| TASK GOAL |
Once the line with "Load image into" is found, write it out along with every line after it, exactly, up to the last line of the entries below. Exclude pictures.

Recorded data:
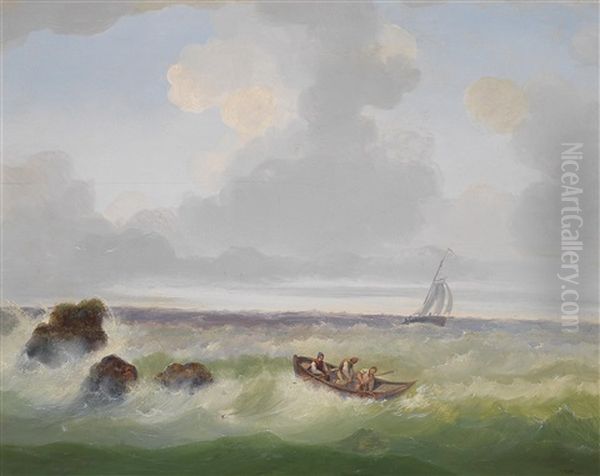 Maritime Scene Oil Painting by Josef Karl Berthold Puettner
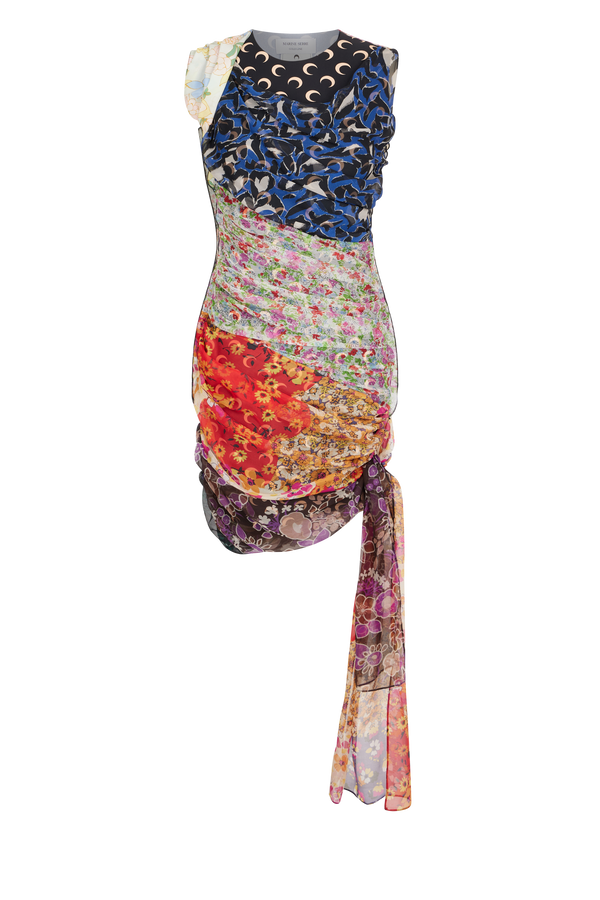 Regenerated Silk Scarves Draped Dress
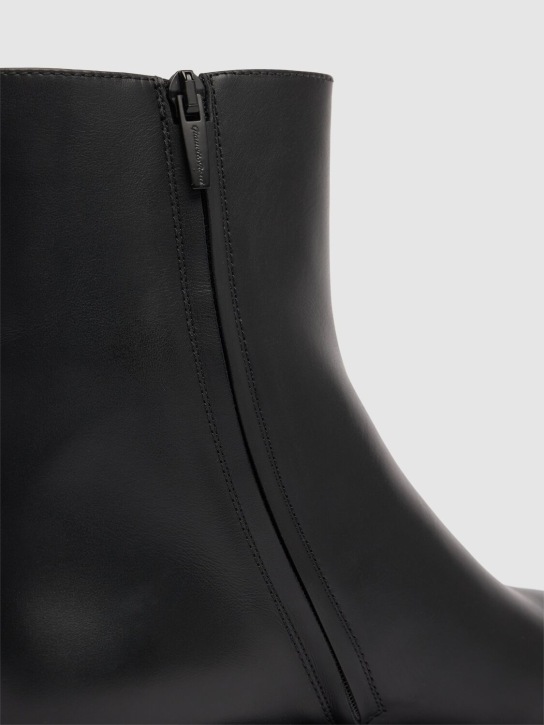 Gianvito Rossi: 20mm Leather ankle boots - Black - women_4 | Luisa Via Roma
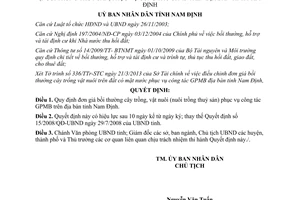 Quyết định 13/2013/QĐ-UBND đơn giá bồi thường giải phóng mặt bằng Nam Định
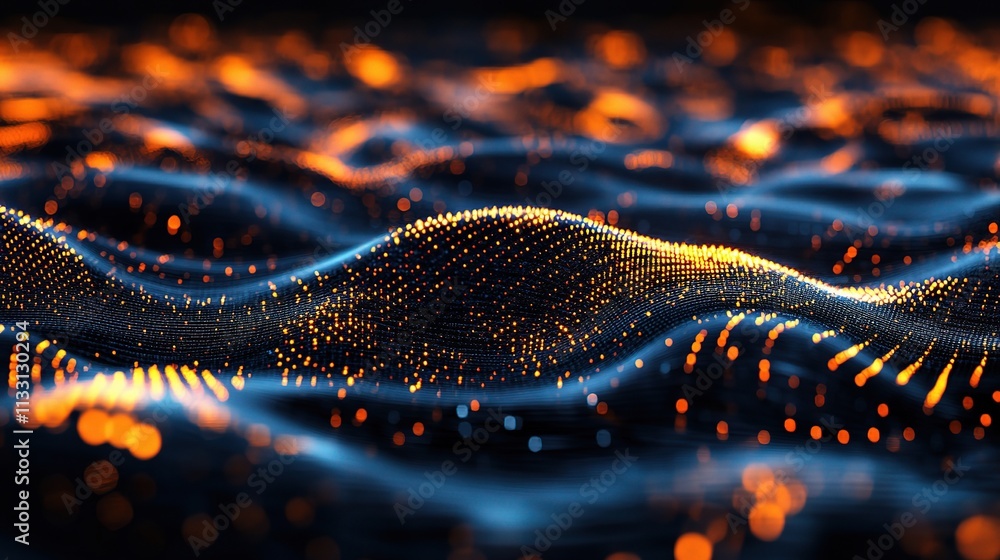 Poster abstract data flow: a mesmerizing digital wave of shimmering particles, captured in vibrant hues of 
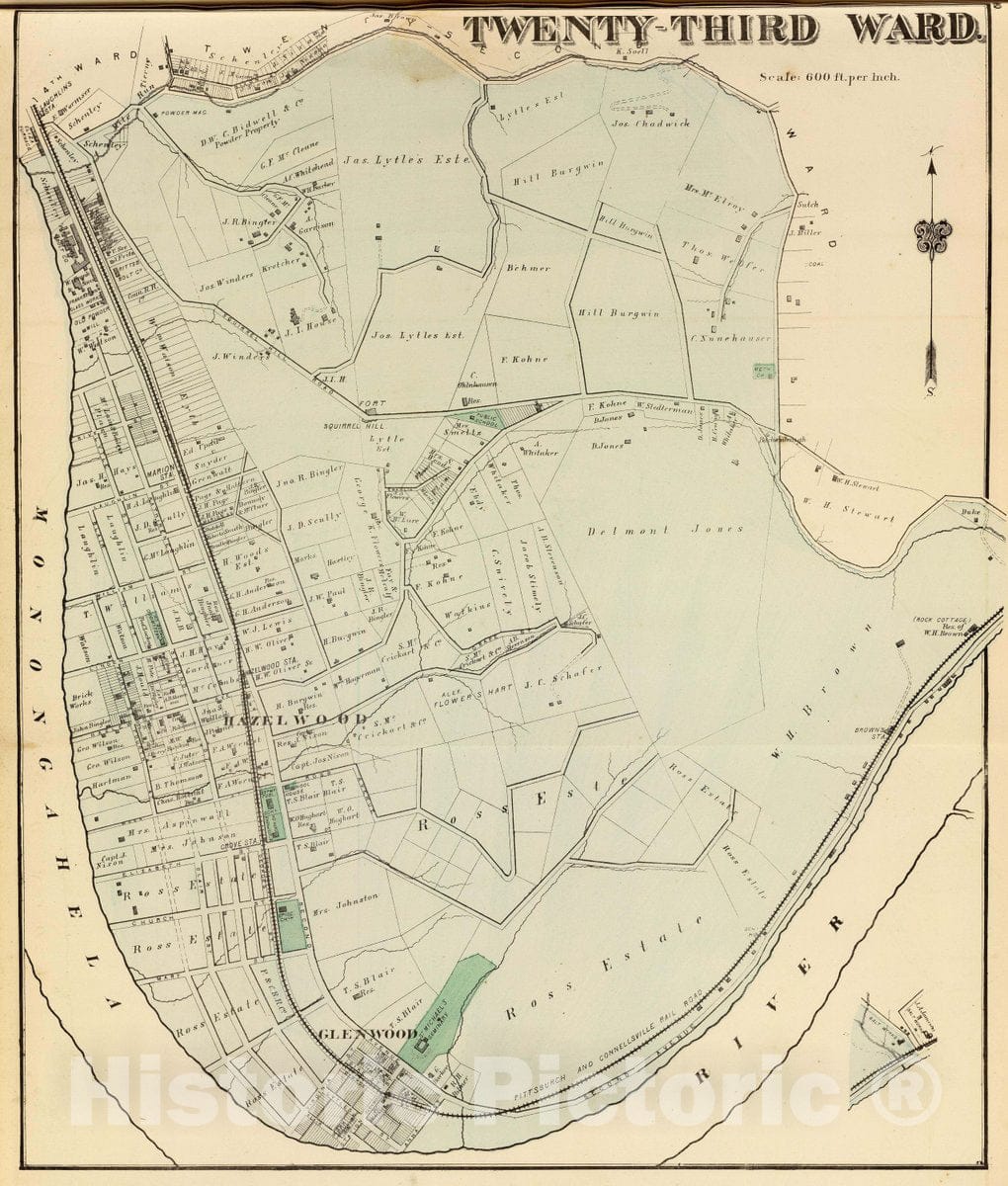 Historic Map : Twenty-Third Ward, Pittsburgh. (1872), 1872 City Atlas - Vintage Wall Art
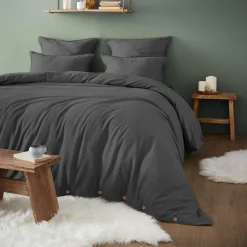 EMINZA Housse de couette flanelle de coton (200 x 200 cm) Théa Gris Anthracite Clearance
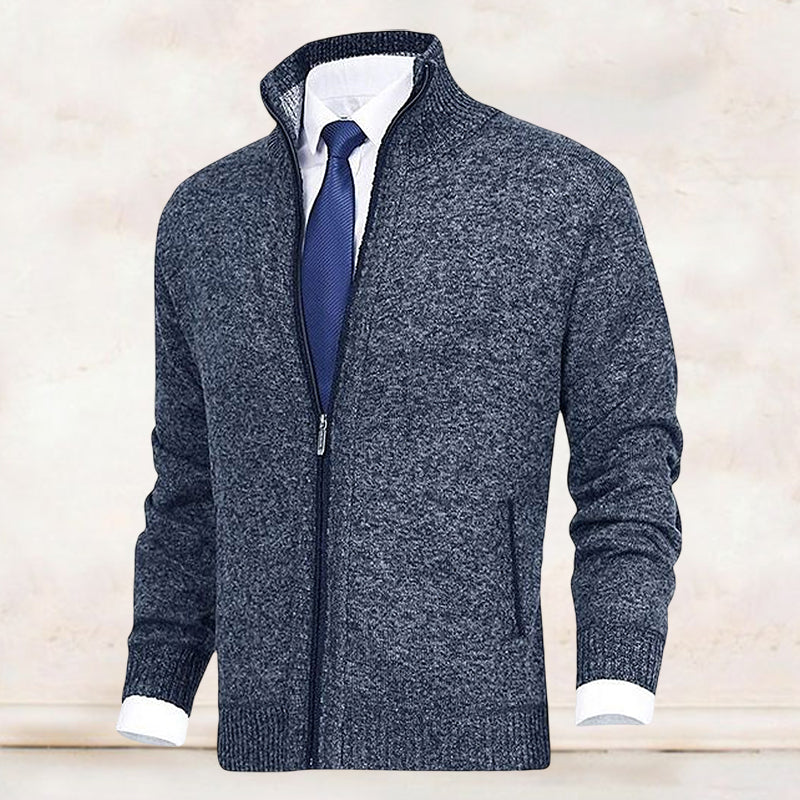 Cardigan à col haut pour homme en maille, coupe soignée et structurée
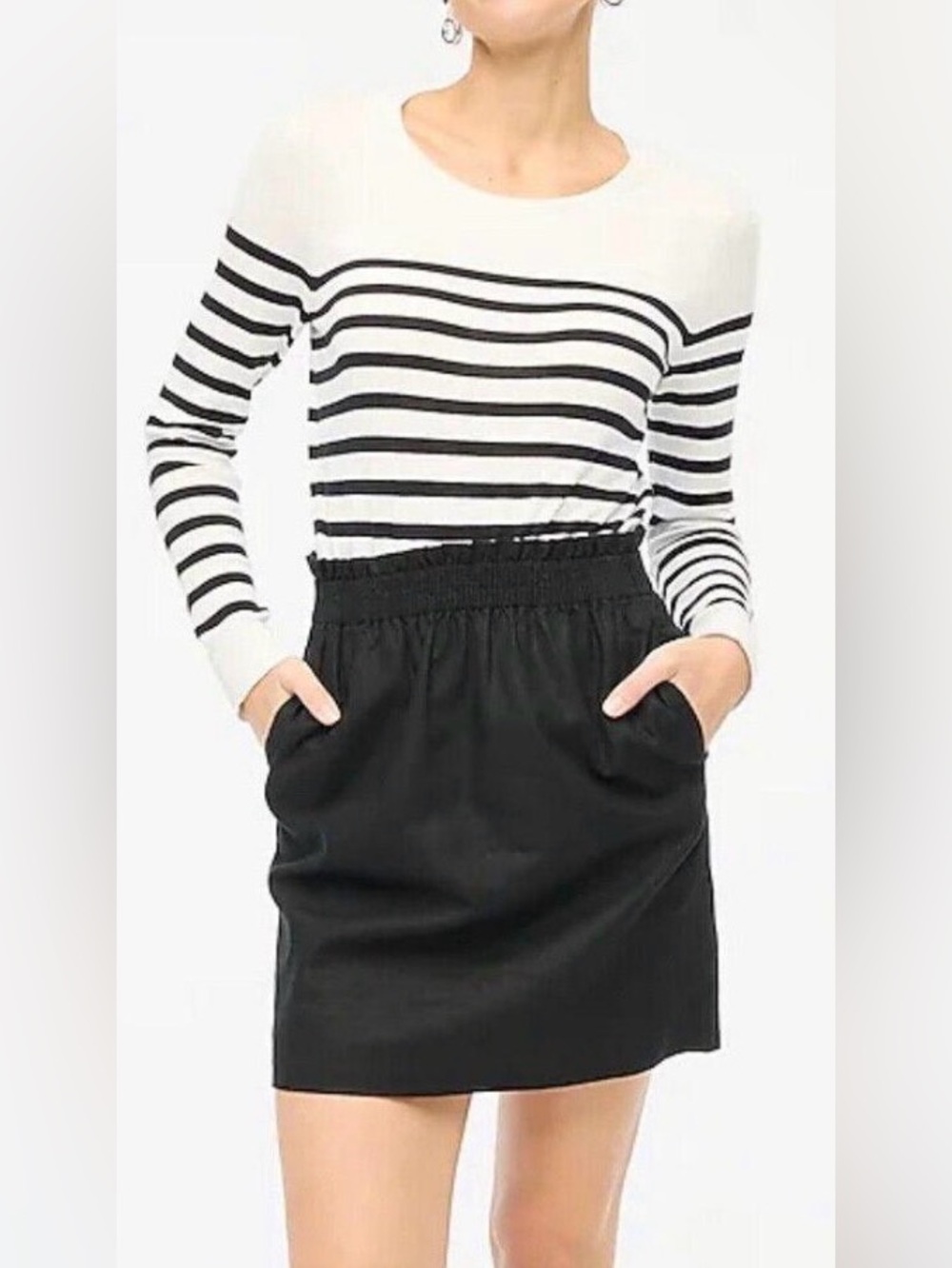 🌺NWT J. CREW LINEN BLEND BLACK RUCHED WAIST SKIRT SIZE 4🌺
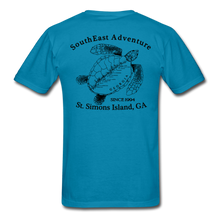 Load image into Gallery viewer, SEA Turtle Logo Cotton Fruit of the Loom T-Shirt - turquoise
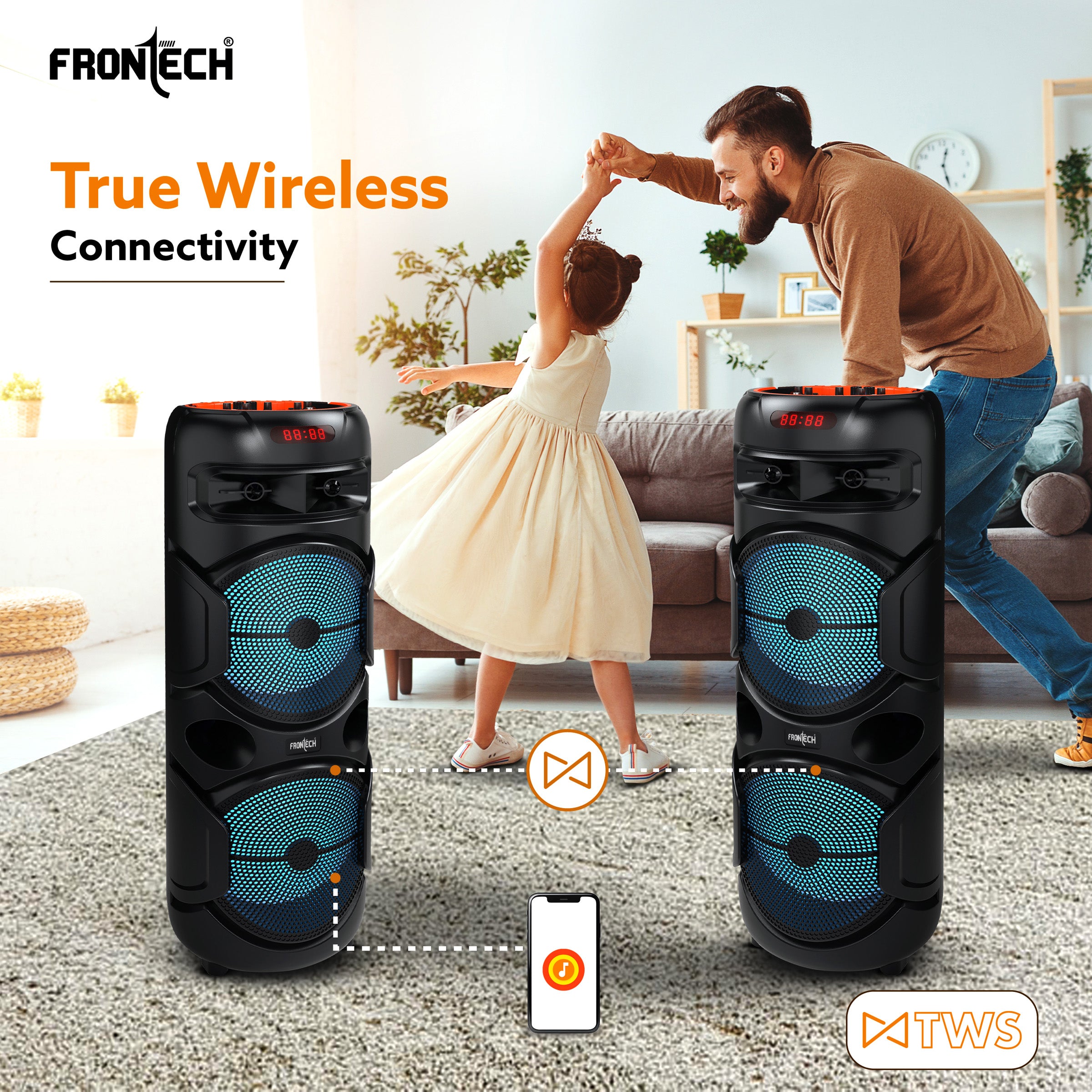 Spectra TWS Wireless 48W Bluetooth 5.0 Trolley Speaker (SW-0134)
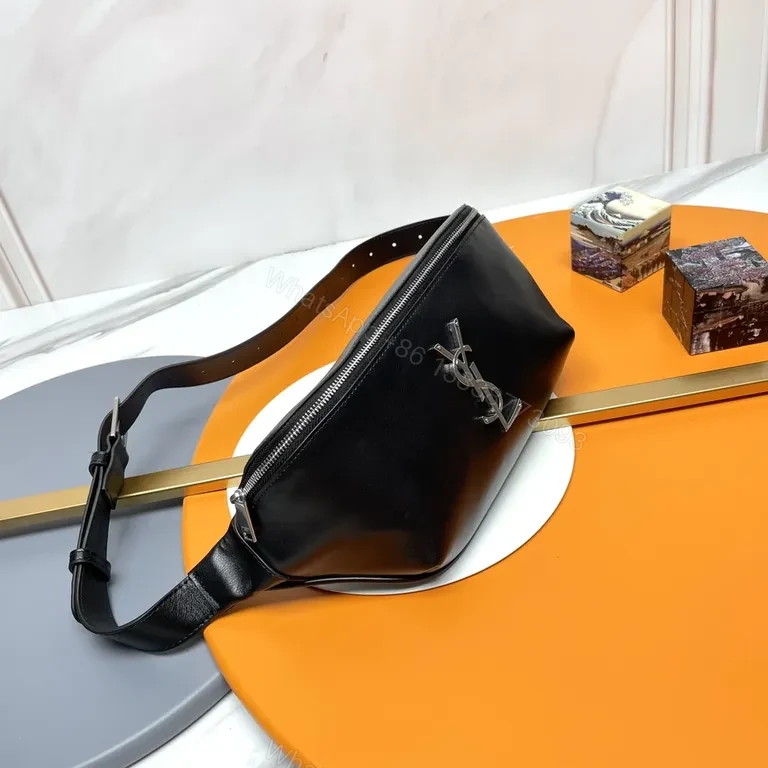 View 9 of Black Leather Belt Bag with YSL Logo - Luxe, Versatile, Compact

| WRITTEN REPLY |
 Load image into Gallery viewer, SEA Turtle Logo Cotton Fruit of the Loom T-Shirt - turquoise
 Spectra TWS Wireless 48W Bluetooth 5.0 Trolley Speaker (SW-0134)
 View 9 of Black Leather Belt Bag with YSL Logo - Luxe, Versatile, Compact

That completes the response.